Trust Taxation - a review of third edition of 'Trust Taxation'
I was delighted I was able to beat off some pretty fierce competition from one of the other STEP Journal editors to review this third edition of Trust Taxation. The authors are to be congratulated on producing this comprehensive and clear guide through the continually evolving and, some of us may say, increasingly difficult area dealing with the UK taxation of trusts. Whether you are a relative newcomer to the industry or a seasoned trust practitioner, there is something in this new edition for you – whether working with UK resident or non-resident trusts, employee benefit trusts or, indeed, foreign entities such as foundations, Delaware LLCs, etc.

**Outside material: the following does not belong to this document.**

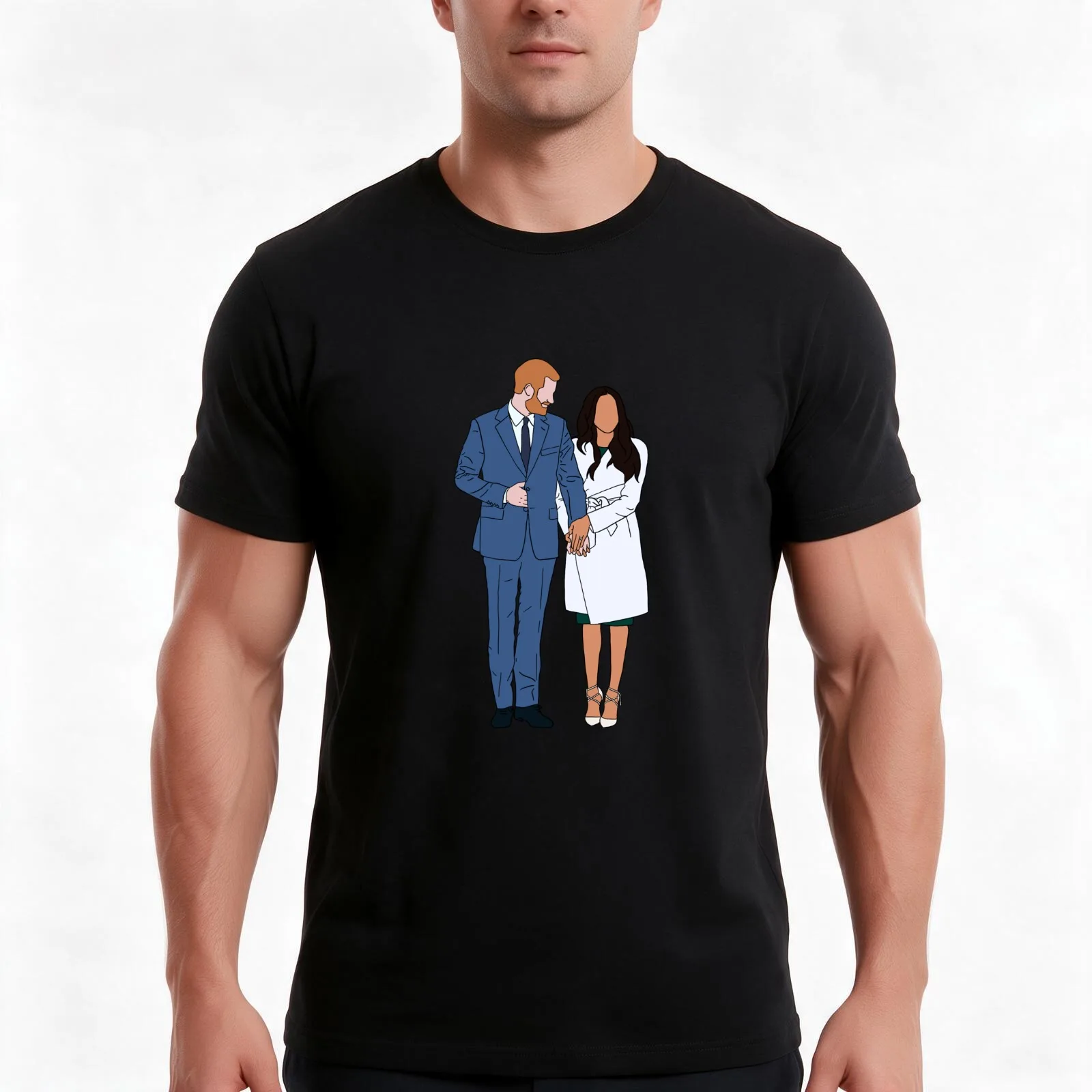 Royal Engagement: Harry & Meghan T-Shirt, Summer Casual Cotton Tee, Oversized Streetwear Tops, Vintage Graphic Print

The book, which includes new legislation such as the Perpetuities and Accumulations Act 2009 and Finance Acts 2009 to 2011, consists of 56 chapters broken down into five parts. Part 1 provides an overview of trust law and some recent case law on Hastings-Bass, the categorisation of certain foreign entities and trusts, residence and domicile of individuals, residence of trustees and companies, and the basic principles of taxation of non-residents and foreign domiciliaries.
Part 2 deals with income tax, and the impact of the legislation on non-settlor and settlor interested UK resident trusts, as well as the foreign dimension in relation to non-resident trusts. Capital gains tax and inheritance tax are explained in parts 3 and 4, respectively. Part 5 looks at ‘specialist topics’.
Finally, there are three appendices that contain excellent precedents cross-referring to the main text and miscellaneous material, including some interesting examples of correspondence between HMRC and STEP/CIOT.
Whether you are a newcomer or a seasoned trust practitioner, there is something in this new edition for you
I like the way the book is structured, with clear explanations and case studies as well as practical examples of tax calculations. In particular, I think the checklists and pointers in chapter 5 will be useful to practitioners. The cover of the book looks good, too. The landscape occupied by Mr and Mrs Andrews, who were the subjects of Thomas Gainsborough’s 18th-century portrait, was far less complicated than today’s. Interestingly, the portrait was not finished (there is a gap in Mrs Andrew’s lap). It is speculated that the gap was to be filled by the couple’s first child and although they went on to have a number of children, the painting was never completed – a bit like tax legislation, really! Seriously, though, Emma Chamberlain and Chris Whitehouse have produced another 21st-century masterpiece, which is a welcome addition to the bookshelf.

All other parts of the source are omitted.